Make an exact copy, from the records below, of the lines from the line containing "5gl Washington Navel Orange" to the line containing "Poa trivialis \", both lines included, excluding pictures.

(Information)
------------------------------------------------
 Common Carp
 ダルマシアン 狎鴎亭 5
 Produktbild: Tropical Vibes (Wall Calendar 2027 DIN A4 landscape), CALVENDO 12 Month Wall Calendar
------------------------------------------------
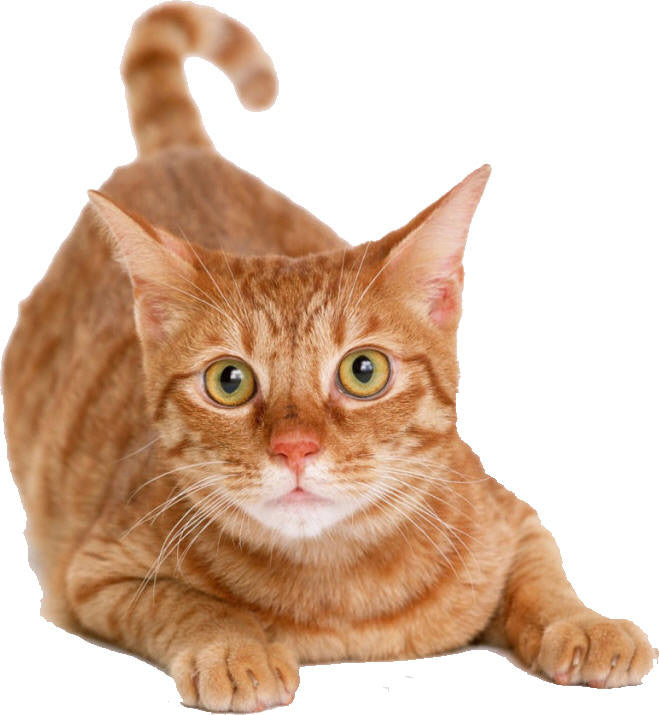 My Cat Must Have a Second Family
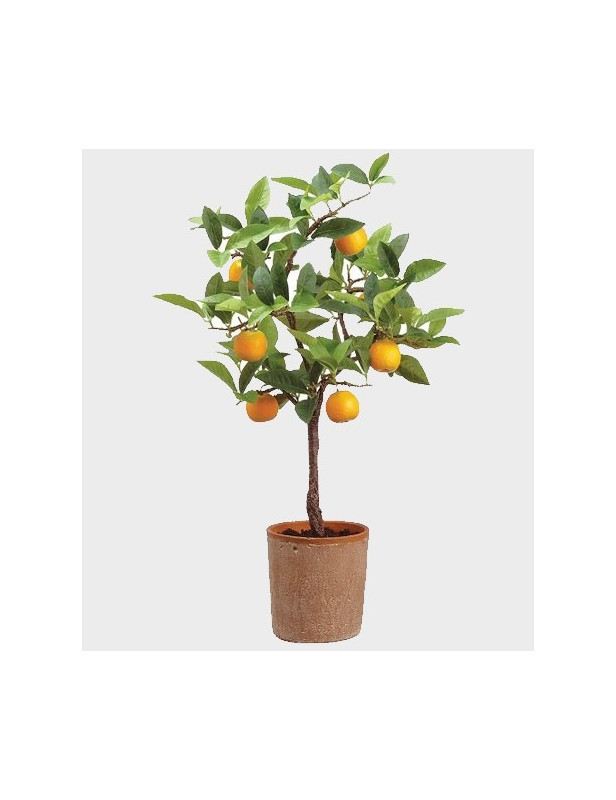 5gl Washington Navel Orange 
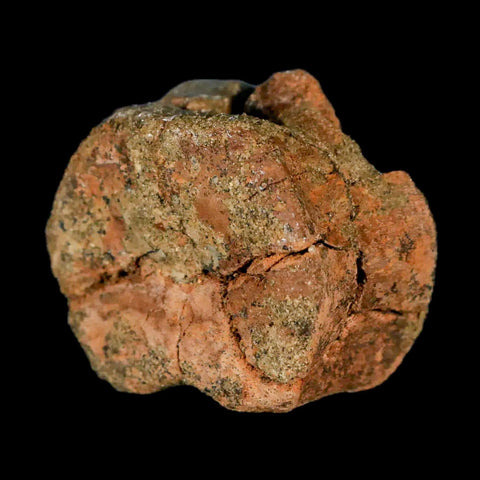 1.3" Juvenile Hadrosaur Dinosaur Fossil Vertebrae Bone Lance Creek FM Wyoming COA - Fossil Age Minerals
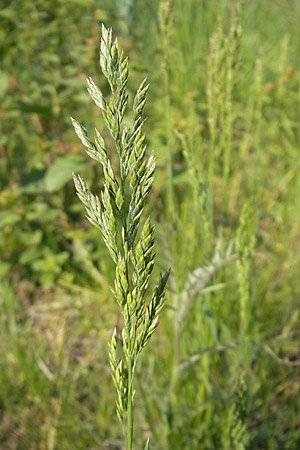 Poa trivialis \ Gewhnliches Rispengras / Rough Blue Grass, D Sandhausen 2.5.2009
------------------------------------------------
(Solution for this problem)
 5gl Washington Navel Orange 
 1.3" Juvenile Hadrosaur Dinosaur Fossil Vertebrae Bone Lance Creek FM Wyoming COA - Fossil Age Minerals
 Poa trivialis \ Gewhnliches Rispengras / Rough Blue Grass, D Sandhausen 2.5.2009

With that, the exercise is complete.